長谷川等伯円熟期の水墨画2点を発見、重文級
京都造形芸術大「重文級の価値がある」
京都造形芸術大(京都市左京区)は20日、安土桃山から江戸時代初期に活躍した絵師、長谷川等伯(1539~1610年)が描いた水墨画2点を発見したと発表した。「猿猴図」「松竹図」で、ともに2曲のびょうぶ絵。等伯の作品は約9割が国宝・重要文化財などに指定され、同大は「少なくとも重文級の価値がある」としている。
いずれも高さ162・4センチ、全長241・2センチで、16世紀末ごろの制作とみられる。

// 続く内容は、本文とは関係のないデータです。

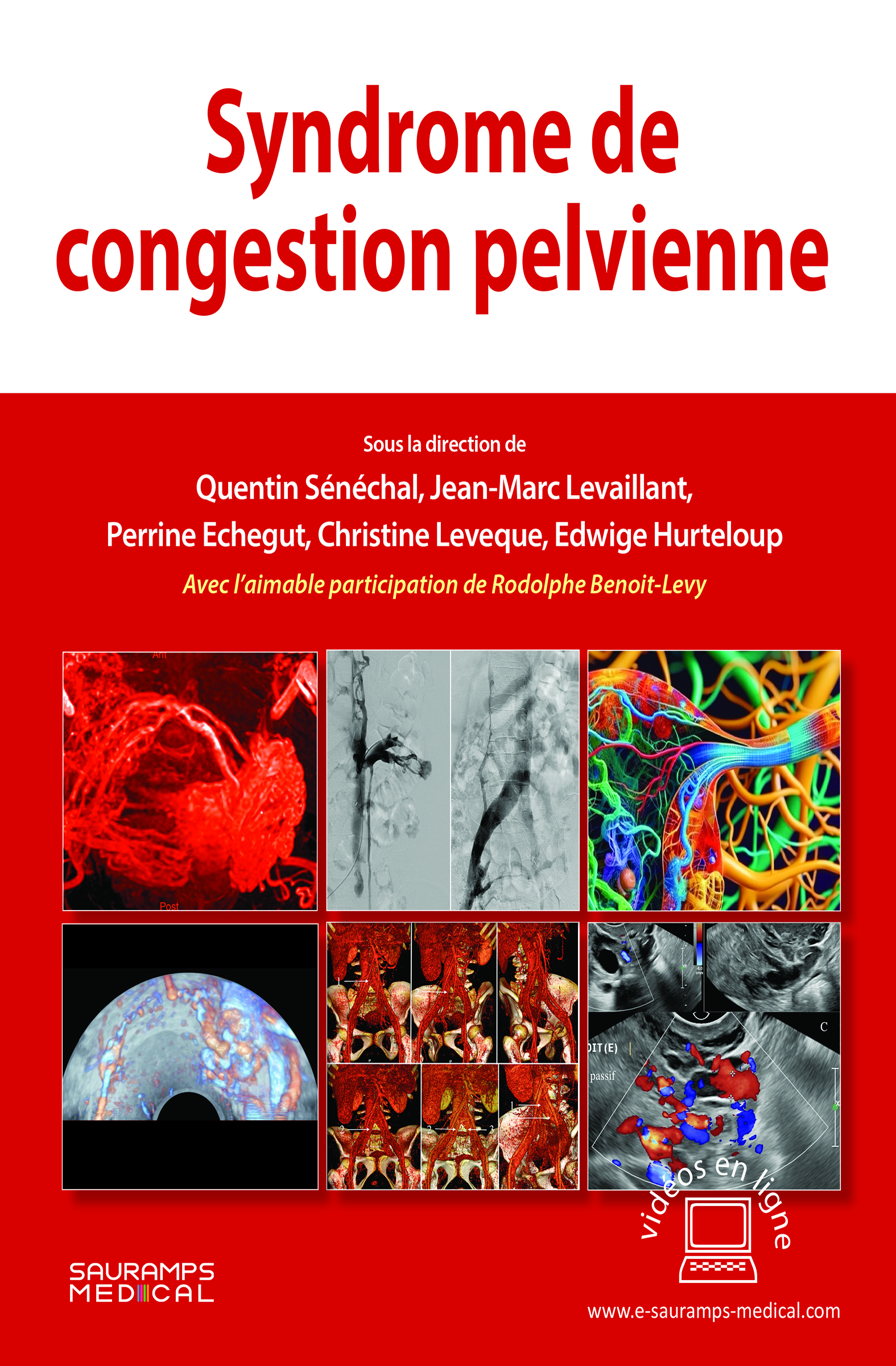 Syndrome de congestion pelvienne (9791030304787-front-cover)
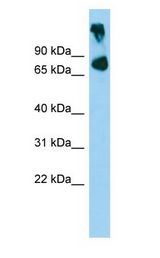ABCB8 Antibody - ABCB8 antibody Western Blot of Mouse Muscle.  This image was taken for the unconjugated form of this product. Other forms have not been tested.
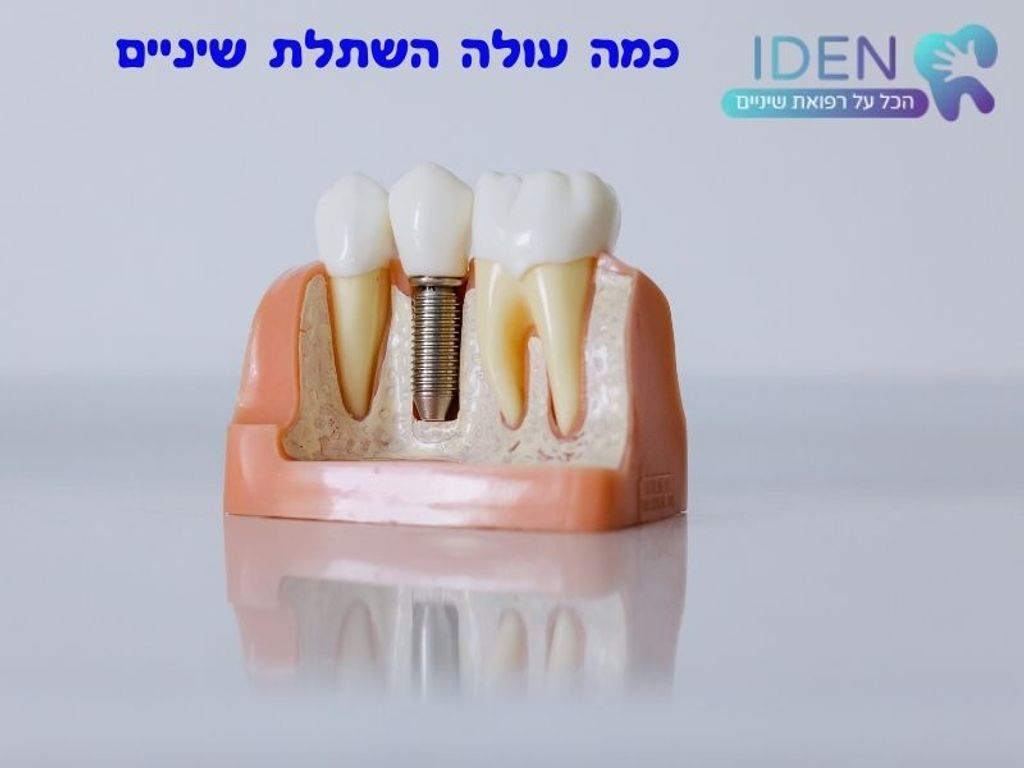 קרדיט התמונה: iden.co.il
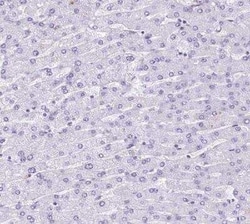 EPCR Antibody, Novus Biologicals 0.1 mL | Buy Online | Novus Biologicals | Fisher Scientific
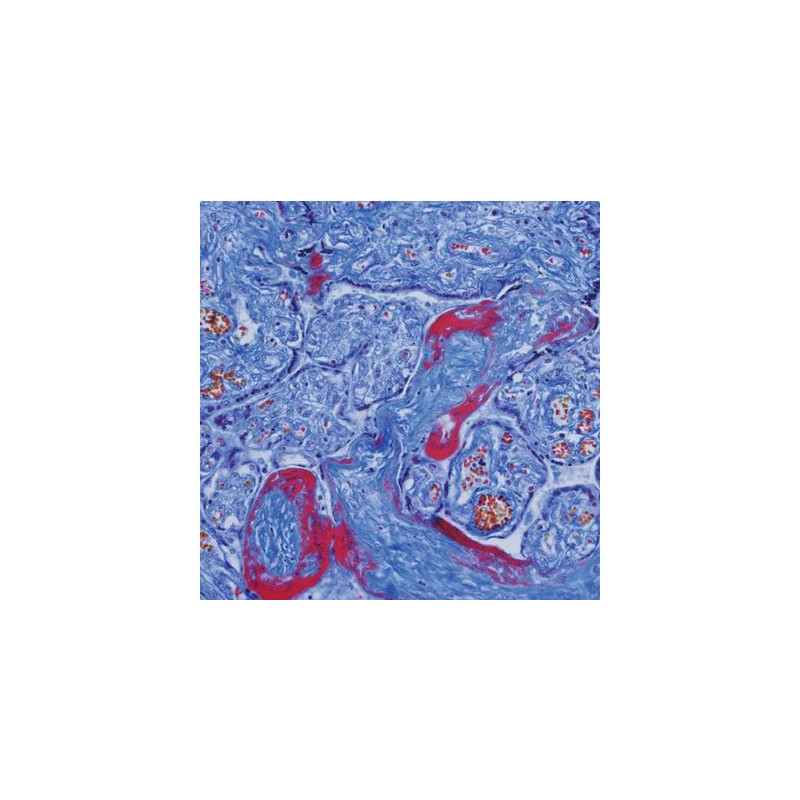 Evident Olympus Microscoop CX41 Hematologie, trino, Hal, 40x, 500x, 1000x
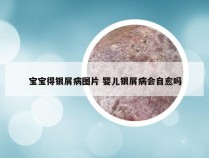 宝宝得银屑病图片 婴儿银屑病会自愈吗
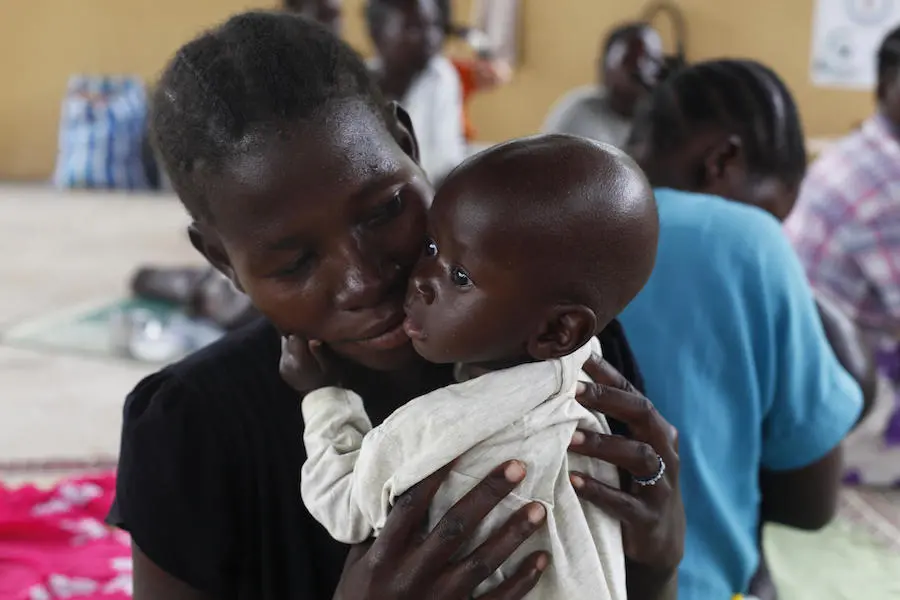 Mary, 24, brought 9-month-old Garang to be treated for malnutrition at UNICEF-supported Al Sabah Children's Hospital in Juba, South Sudan in November 2018. Mary, 24, brought 9-month-old Garang to be treated for malnutrition at UNICEF-supported Al Sabah Children's Hospital in Juba, South Sudan in November 2018.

それぞれ別の、より大きなびょうぶの一部で、竹林と、木にぶら下がる2匹の猿を墨の濃淡だけで表現。竹の直線的な表現や猿の毛並みの描き方などから、等伯円熟期の50代~60代初めごろの作という。
鑑定に携わった山下裕二明治学院大教授(日本美術史)は「猿猴図は様式が近い一連の作品中、最も遅い時期の制作と考えられる」と指摘。両作とも「等伯の独自の画風展開を考察する上で極めて重要な発見」と話した。
両作品は、等伯生誕の地、石川県七尾市の石川県七尾美術館に寄託し、今秋開催の展覧会に出品の予定。